• [PROBLEM STATEMENT] Down to the final line, write out the material beneath exactly, without pictures.

• [DATA BLOCK]
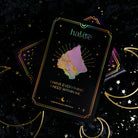 Gold Crystal Affirmations Golden Aura Edition card deck by Moonstruck Crystals, featuring luminous gold and crystal-themed affirmation cards.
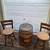 Whiskey barrel thick round glass top with swivel stool FREE DELIVERY 16 thumbnail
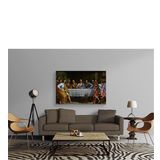 2645 Sanat Philippe De Champaigne Son Akşam Yemeği Yatay 60x80 cm Kanvas Tablo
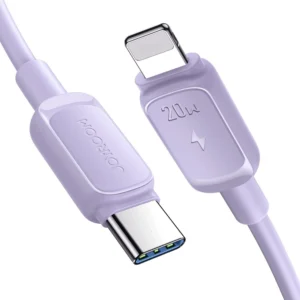 Joyroom Multi-Color Series A14 USB-C / Lightning 20W Cable 1.2 m - Purpleeng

• [RESULT OF THE TASK]
 Gold Crystal Affirmations Golden Aura Edition card deck by Moonstruck Crystals, featuring luminous gold and crystal-themed affirmation cards.
 Whiskey barrel thick round glass top with swivel stool FREE DELIVERY 16 thumbnail
 2645 Sanat Philippe De Champaigne Son Akşam Yemeği Yatay 60x80 cm Kanvas Tablo
 Joyroom Multi-Color Series A14 USB-C / Lightning 20W Cable 1.2 m - Purpleeng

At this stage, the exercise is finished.